_Work task_:
A word-for-word reproduction of the listing is required.
----
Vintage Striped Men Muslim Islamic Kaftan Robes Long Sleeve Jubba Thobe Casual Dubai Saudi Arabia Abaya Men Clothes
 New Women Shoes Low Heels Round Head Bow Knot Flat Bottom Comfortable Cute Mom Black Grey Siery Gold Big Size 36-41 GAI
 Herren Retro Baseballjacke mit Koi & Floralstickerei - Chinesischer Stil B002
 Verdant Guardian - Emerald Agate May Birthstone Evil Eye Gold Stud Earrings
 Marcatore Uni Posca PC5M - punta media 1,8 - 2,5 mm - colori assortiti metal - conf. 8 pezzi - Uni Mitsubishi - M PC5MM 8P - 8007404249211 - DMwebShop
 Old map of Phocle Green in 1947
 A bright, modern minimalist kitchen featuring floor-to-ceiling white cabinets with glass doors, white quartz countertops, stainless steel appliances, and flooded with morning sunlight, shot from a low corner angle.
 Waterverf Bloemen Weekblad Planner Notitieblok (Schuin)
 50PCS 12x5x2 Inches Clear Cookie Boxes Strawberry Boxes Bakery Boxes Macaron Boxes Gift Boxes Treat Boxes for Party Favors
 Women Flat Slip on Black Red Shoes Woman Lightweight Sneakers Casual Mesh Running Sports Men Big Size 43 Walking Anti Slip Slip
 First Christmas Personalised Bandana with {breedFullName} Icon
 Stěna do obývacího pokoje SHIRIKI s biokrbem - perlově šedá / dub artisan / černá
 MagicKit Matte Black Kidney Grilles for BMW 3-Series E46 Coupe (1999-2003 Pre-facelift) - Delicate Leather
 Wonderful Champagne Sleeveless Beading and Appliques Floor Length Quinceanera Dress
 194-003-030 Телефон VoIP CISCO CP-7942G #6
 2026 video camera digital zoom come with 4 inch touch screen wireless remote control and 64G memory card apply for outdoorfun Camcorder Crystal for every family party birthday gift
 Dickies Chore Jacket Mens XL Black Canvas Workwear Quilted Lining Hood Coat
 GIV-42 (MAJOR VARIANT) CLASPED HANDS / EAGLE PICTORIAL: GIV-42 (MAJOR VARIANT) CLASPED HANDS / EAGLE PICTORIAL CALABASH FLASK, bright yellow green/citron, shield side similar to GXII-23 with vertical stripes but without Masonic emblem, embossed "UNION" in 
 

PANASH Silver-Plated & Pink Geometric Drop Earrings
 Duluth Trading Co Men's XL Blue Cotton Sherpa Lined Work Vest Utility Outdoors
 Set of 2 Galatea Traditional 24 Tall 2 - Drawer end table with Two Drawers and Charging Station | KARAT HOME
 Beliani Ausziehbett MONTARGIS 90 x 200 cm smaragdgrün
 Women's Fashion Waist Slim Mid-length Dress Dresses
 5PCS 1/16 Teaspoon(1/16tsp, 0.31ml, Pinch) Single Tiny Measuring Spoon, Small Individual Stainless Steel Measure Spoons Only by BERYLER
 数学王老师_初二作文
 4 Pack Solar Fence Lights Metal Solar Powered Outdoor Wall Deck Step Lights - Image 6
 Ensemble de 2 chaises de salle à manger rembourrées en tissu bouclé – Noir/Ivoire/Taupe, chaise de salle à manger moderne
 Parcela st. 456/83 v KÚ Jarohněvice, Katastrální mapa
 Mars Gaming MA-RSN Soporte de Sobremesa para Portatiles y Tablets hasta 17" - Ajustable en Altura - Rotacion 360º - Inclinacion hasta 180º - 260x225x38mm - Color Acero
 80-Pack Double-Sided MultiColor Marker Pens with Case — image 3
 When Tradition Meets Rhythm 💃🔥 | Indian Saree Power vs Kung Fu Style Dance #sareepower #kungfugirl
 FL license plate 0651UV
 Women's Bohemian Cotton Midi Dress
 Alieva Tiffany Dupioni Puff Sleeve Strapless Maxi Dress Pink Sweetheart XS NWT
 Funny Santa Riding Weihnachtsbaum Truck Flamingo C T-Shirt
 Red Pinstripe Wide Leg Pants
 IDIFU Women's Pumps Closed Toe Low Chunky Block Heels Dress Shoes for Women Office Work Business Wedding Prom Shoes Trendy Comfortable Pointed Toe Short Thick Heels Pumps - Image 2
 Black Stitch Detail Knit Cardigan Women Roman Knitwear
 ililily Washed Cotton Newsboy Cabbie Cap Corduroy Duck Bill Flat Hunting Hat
----
_Result for this task_:
Vintage Striped Men Muslim Islamic Kaftan Robes Long Sleeve Jubba Thobe Casual Dubai Saudi Arabia Abaya Men Clothes
 New Women Shoes Low Heels Round Head Bow Knot Flat Bottom Comfortable Cute Mom Black Grey Siery Gold Big Size 36-41 GAI
 Herren Retro Baseballjacke mit Koi & Floralstickerei - Chinesischer Stil B002
 Verdant Guardian - Emerald Agate May Birthstone Evil Eye Gold Stud Earrings
 Marcatore Uni Posca PC5M - punta media 1,8 - 2,5 mm - colori assortiti metal - conf. 8 pezzi - Uni Mitsubishi - M PC5MM 8P - 8007404249211 - DMwebShop
 Old map of Phocle Green in 1947
 A bright, modern minimalist kitchen featuring floor-to-ceiling white cabinets with glass doors, white quartz countertops, stainless steel appliances, and flooded with morning sunlight, shot from a low corner angle.
 Waterverf Bloemen Weekblad Planner Notitieblok (Schuin)
 50PCS 12x5x2 Inches Clear Cookie Boxes Strawberry Boxes Bakery Boxes Macaron Boxes Gift Boxes Treat Boxes for Party Favors
 Women Flat Slip on Black Red Shoes Woman Lightweight Sneakers Casual Mesh Running Sports Men Big Size 43 Walking Anti Slip Slip
 First Christmas Personalised Bandana with {breedFullName} Icon
 Stěna do obývacího pokoje SHIRIKI s biokrbem - perlově šedá / dub artisan / černá
 MagicKit Matte Black Kidney Grilles for BMW 3-Series E46 Coupe (1999-2003 Pre-facelift) - Delicate Leather
 Wonderful Champagne Sleeveless Beading and Appliques Floor Length Quinceanera Dress
 194-003-030 Телефон VoIP CISCO CP-7942G #6
 2026 video camera digital zoom come with 4 inch touch screen wireless remote control and 64G memory card apply for outdoorfun Camcorder Crystal for every family party birthday gift
 Dickies Chore Jacket Mens XL Black Canvas Workwear Quilted Lining Hood Coat
 GIV-42 (MAJOR VARIANT) CLASPED HANDS / EAGLE PICTORIAL: GIV-42 (MAJOR VARIANT) CLASPED HANDS / EAGLE PICTORIAL CALABASH FLASK, bright yellow green/citron, shield side similar to GXII-23 with vertical stripes but without Masonic emblem, embossed "UNION" in 
 

PANASH Silver-Plated & Pink Geometric Drop Earrings
 Duluth Trading Co Men's XL Blue Cotton Sherpa Lined Work Vest Utility Outdoors
 Set of 2 Galatea Traditional 24 Tall 2 - Drawer end table with Two Drawers and Charging Station | KARAT HOME
 Beliani Ausziehbett MONTARGIS 90 x 200 cm smaragdgrün
 Women's Fashion Waist Slim Mid-length Dress Dresses
 5PCS 1/16 Teaspoon(1/16tsp, 0.31ml, Pinch) Single Tiny Measuring Spoon, Small Individual Stainless Steel Measure Spoons Only by BERYLER
 数学王老师_初二作文
 4 Pack Solar Fence Lights Metal Solar Powered Outdoor Wall Deck Step Lights - Image 6
 Ensemble de 2 chaises de salle à manger rembourrées en tissu bouclé – Noir/Ivoire/Taupe, chaise de salle à manger moderne
 Parcela st. 456/83 v KÚ Jarohněvice, Katastrální mapa
 Mars Gaming MA-RSN Soporte de Sobremesa para Portatiles y Tablets hasta 17" - Ajustable en Altura - Rotacion 360º - Inclinacion hasta 180º - 260x225x38mm - Color Acero
 80-Pack Double-Sided MultiColor Marker Pens with Case — image 3
 When Tradition Meets Rhythm 💃🔥 | Indian Saree Power vs Kung Fu Style Dance #sareepower #kungfugirl
 FL license plate 0651UV
 Women's Bohemian Cotton Midi Dress
 Alieva Tiffany Dupioni Puff Sleeve Strapless Maxi Dress Pink Sweetheart XS NWT
 Funny Santa Riding Weihnachtsbaum Truck Flamingo C T-Shirt
 Red Pinstripe Wide Leg Pants
 IDIFU Women's Pumps Closed Toe Low Chunky Block Heels Dress Shoes for Women Office Work Business Wedding Prom Shoes Trendy Comfortable Pointed Toe Short Thick Heels Pumps - Image 2
 Black Stitch Detail Knit Cardigan Women Roman Knitwear
 ililily Washed Cotton Newsboy Cabbie Cap Corduroy Duck Bill Flat Hunting Hat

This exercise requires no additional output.